=== Requirement ===
One range is to be output from the listing below, exactly as written: the line with "Hoya pubicalyx Splash" to the line with "San Diego Ring-necked", both kept.

▼▼▼

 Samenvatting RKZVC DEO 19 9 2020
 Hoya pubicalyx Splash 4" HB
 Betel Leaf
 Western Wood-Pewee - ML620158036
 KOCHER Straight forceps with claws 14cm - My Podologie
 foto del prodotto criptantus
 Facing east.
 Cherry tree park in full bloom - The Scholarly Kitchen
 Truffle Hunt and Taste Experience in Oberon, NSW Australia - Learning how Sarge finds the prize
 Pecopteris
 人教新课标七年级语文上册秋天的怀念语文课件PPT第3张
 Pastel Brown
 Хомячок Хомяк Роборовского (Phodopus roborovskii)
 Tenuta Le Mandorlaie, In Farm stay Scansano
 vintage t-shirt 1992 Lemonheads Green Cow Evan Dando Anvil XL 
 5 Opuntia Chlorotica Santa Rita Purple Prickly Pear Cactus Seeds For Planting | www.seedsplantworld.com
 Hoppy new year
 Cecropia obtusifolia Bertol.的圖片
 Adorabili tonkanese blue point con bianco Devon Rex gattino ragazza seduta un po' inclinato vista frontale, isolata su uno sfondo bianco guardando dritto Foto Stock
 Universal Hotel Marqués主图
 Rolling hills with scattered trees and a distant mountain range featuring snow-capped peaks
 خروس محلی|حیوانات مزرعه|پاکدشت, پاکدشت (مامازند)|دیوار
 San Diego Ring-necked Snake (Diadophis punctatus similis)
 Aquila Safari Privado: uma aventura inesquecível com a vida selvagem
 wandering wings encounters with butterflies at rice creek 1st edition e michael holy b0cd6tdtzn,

▲▲▲

=== Written solution ===
 Hoya pubicalyx Splash 4" HB
 Betel Leaf
 Western Wood-Pewee - ML620158036
 KOCHER Straight forceps with claws 14cm - My Podologie
 foto del prodotto criptantus
 Facing east.
 Cherry tree park in full bloom - The Scholarly Kitchen
 Truffle Hunt and Taste Experience in Oberon, NSW Australia - Learning how Sarge finds the prize
 Pecopteris
 人教新课标七年级语文上册秋天的怀念语文课件PPT第3张
 Pastel Brown
 Хомячок Хомяк Роборовского (Phodopus roborovskii)
 Tenuta Le Mandorlaie, In Farm stay Scansano
 vintage t-shirt 1992 Lemonheads Green Cow Evan Dando Anvil XL 
 5 Opuntia Chlorotica Santa Rita Purple Prickly Pear Cactus Seeds For Planting | www.seedsplantworld.com
 Hoppy new year
 Cecropia obtusifolia Bertol.的圖片
 Adorabili tonkanese blue point con bianco Devon Rex gattino ragazza seduta un po' inclinato vista frontale, isolata su uno sfondo bianco guardando dritto Foto Stock
 Universal Hotel Marqués主图
 Rolling hills with scattered trees and a distant mountain range featuring snow-capped peaks
 خروس محلی|حیوانات مزرعه|پاکدشت, پاکدشت (مامازند)|دیوار
 San Diego Ring-necked Snake (Diadophis punctatus similis)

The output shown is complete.